[Task goal]: From the line containing "Фонарь внутренний левый" down to the line containing "Anna Sui Resort 2022" in the records below, reproduce every line exactly, ends included, and omit all others.

[Excerpted records]:
-- Opening Marker --

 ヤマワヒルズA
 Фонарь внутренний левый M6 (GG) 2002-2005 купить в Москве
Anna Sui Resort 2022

-- Closing Marker --
-- Opening Marker --

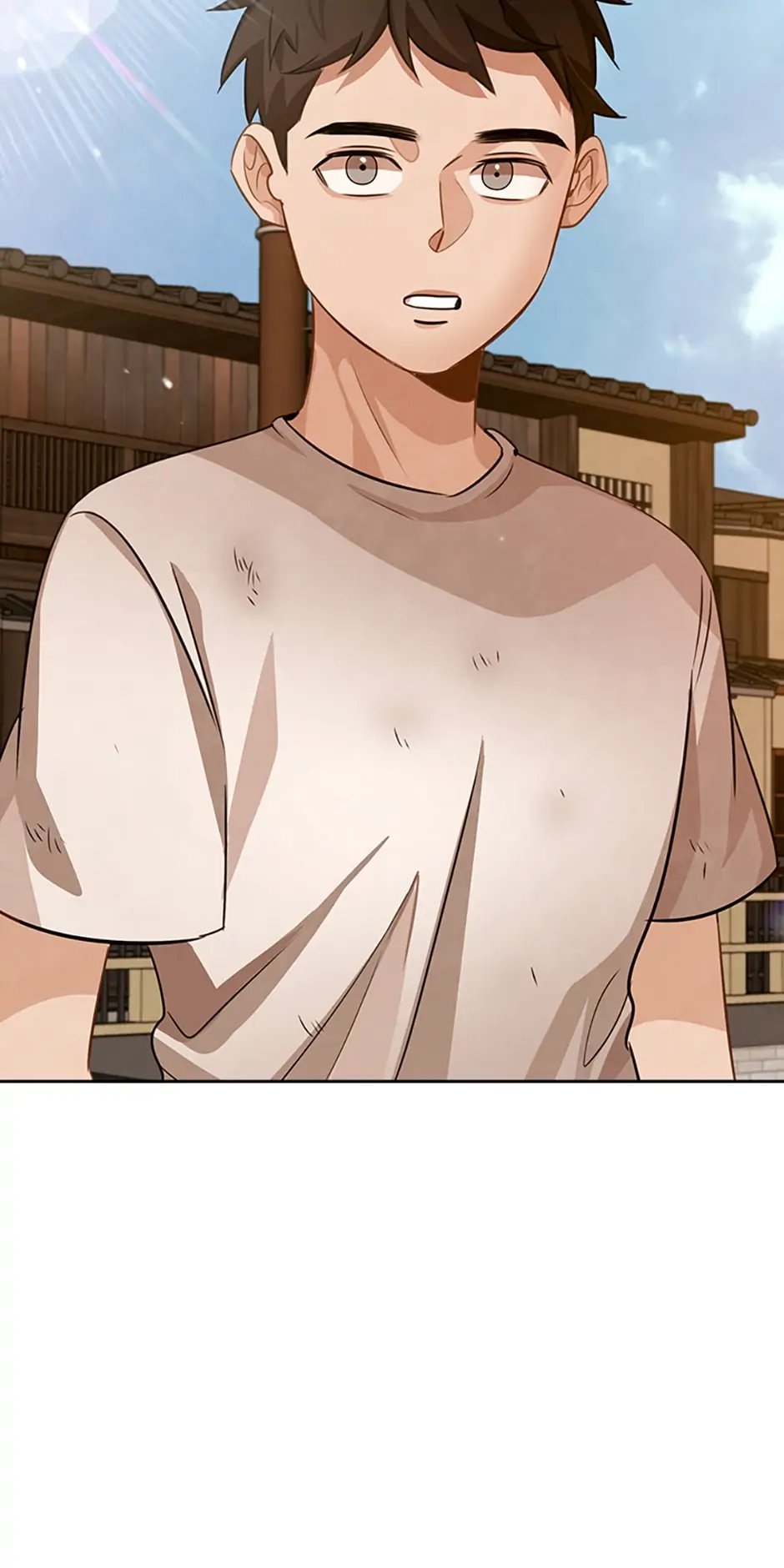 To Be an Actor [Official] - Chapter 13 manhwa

-- Closing Marker --
-- Opening Marker --

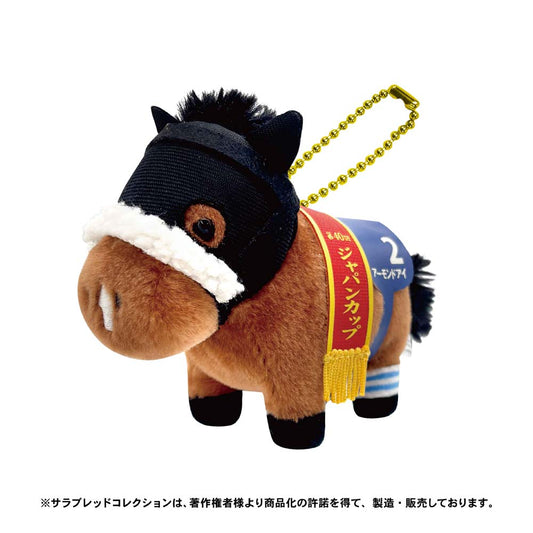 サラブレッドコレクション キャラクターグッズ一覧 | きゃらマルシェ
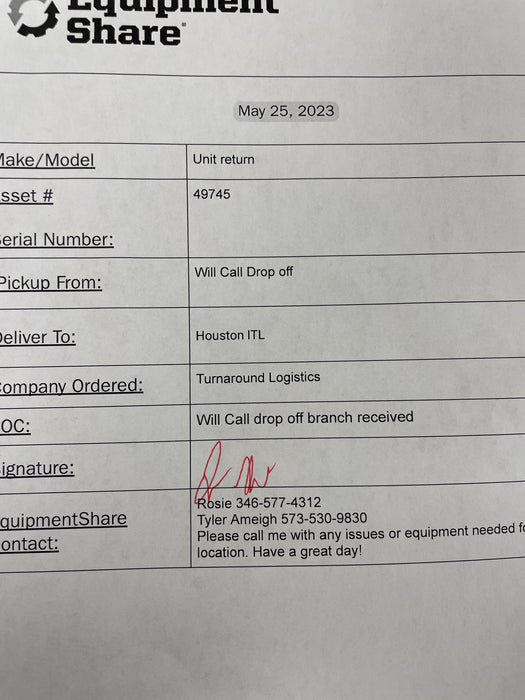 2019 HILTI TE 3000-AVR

-- Closing Marker --

[Response]:
 Фонарь внутренний левый M6 (GG) 2002-2005 купить в Москве
Anna Sui Resort 2022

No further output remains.